__Input__:
::::::::
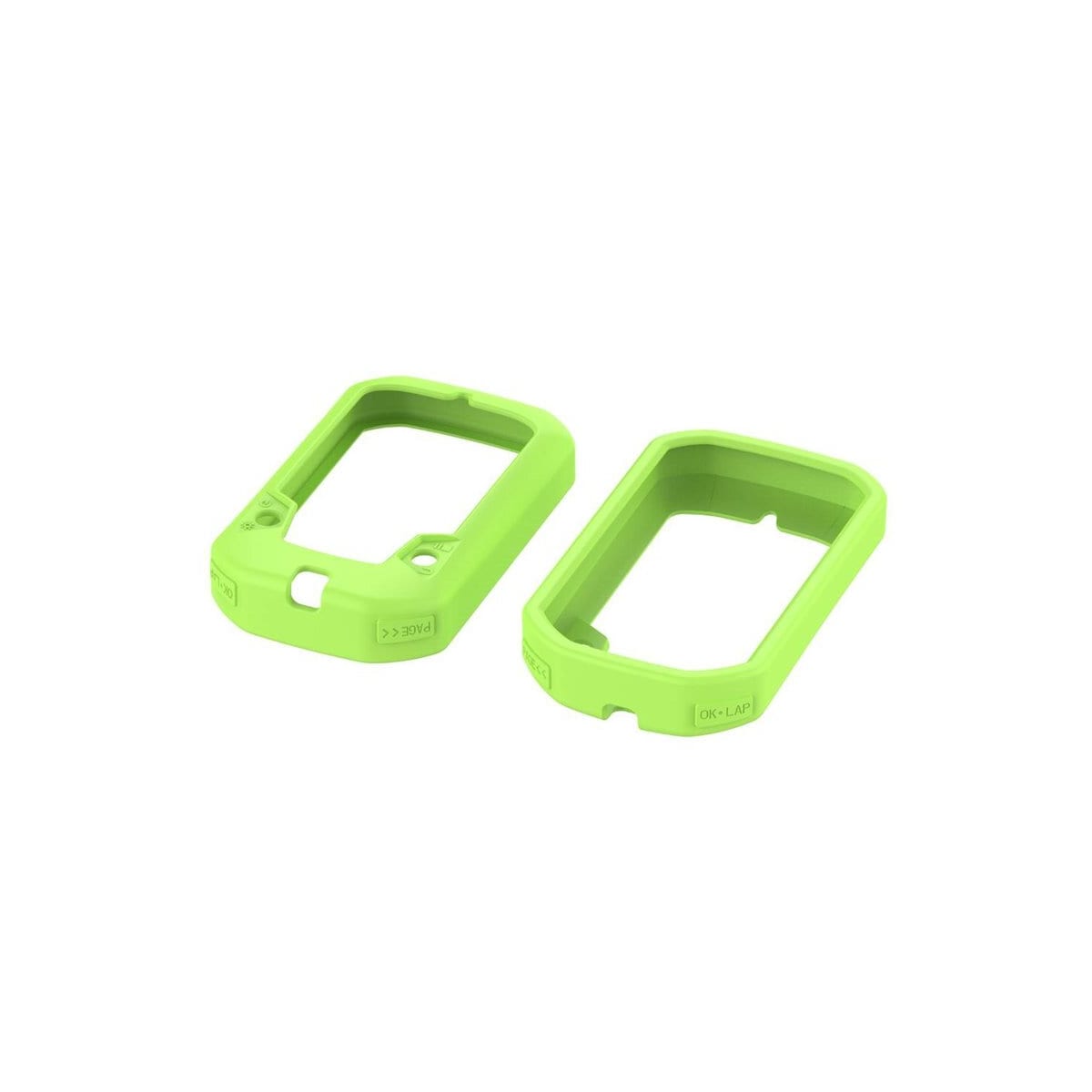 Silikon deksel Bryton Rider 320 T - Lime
::::::::
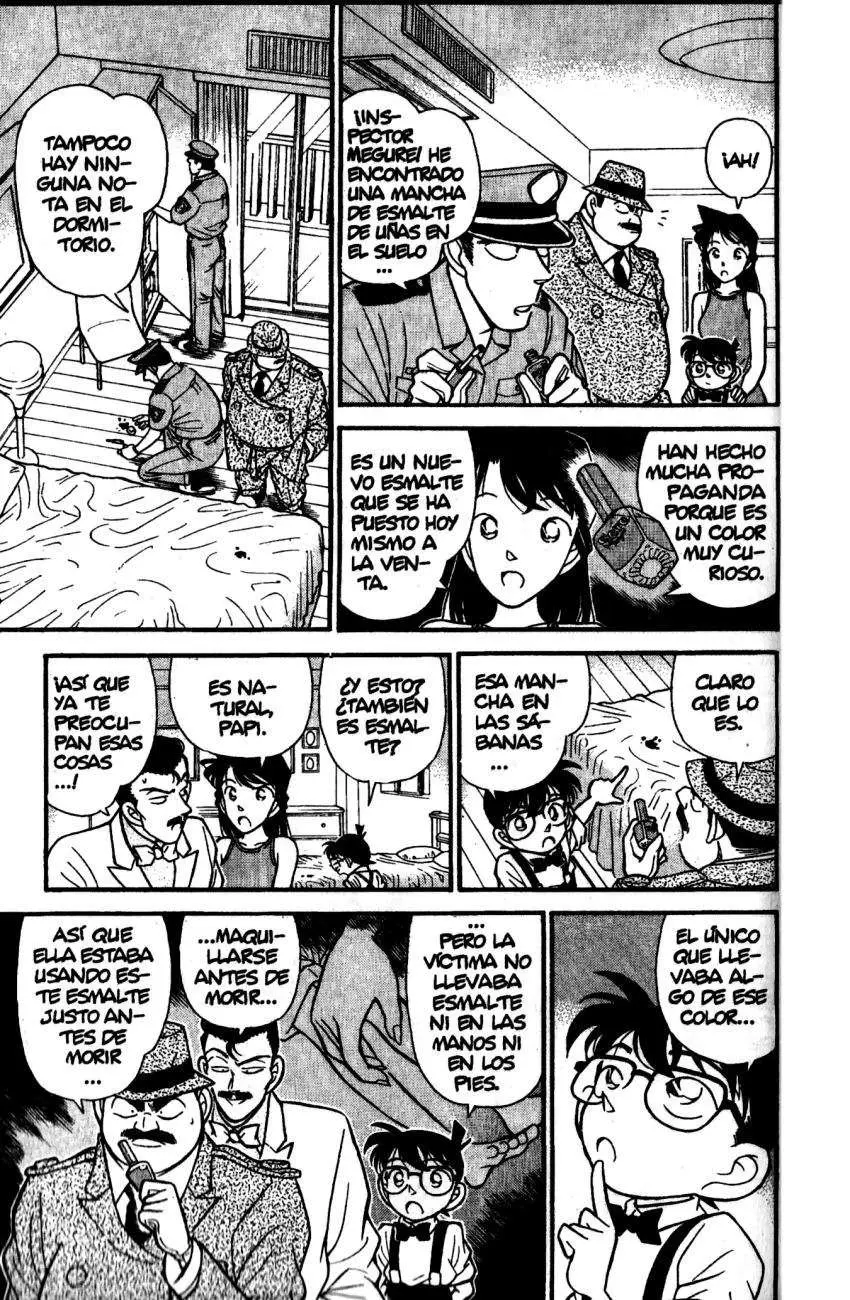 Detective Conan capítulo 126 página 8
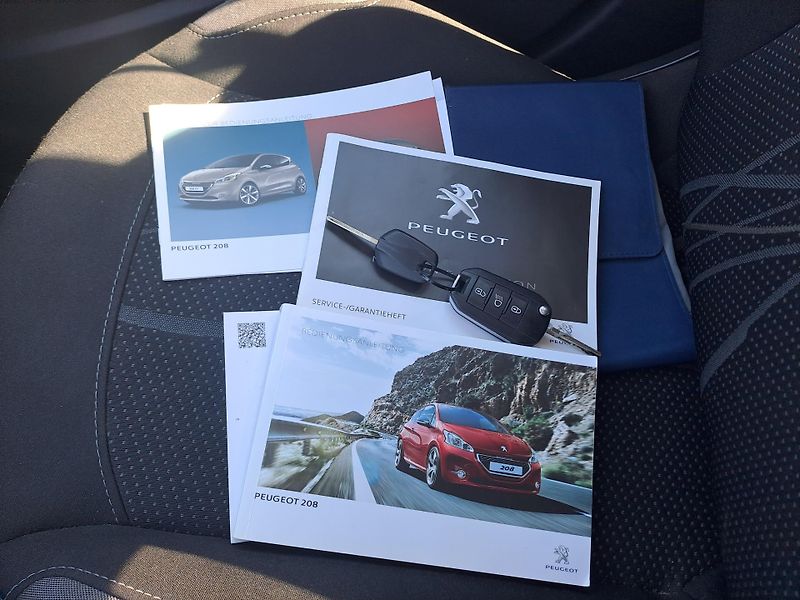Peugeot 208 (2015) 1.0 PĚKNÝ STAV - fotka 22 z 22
::::::::
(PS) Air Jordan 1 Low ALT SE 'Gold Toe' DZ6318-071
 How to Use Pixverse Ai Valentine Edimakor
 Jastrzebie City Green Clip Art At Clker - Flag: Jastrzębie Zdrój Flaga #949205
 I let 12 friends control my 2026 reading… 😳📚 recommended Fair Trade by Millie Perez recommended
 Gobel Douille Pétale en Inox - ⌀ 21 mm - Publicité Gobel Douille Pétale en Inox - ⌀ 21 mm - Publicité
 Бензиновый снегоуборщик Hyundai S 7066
::::::::
__Task requirements__: Scan the lines above for "(PS) Air Jordan" and for "Jastrzebie City Green". Repeat exactly the line holding each of them and every line in between.

__Exercise output__:
(PS) Air Jordan 1 Low ALT SE 'Gold Toe' DZ6318-071
 How to Use Pixverse Ai Valentine Edimakor
 Jastrzebie City Green Clip Art At Clker - Flag: Jastrzębie Zdrój Flaga #949205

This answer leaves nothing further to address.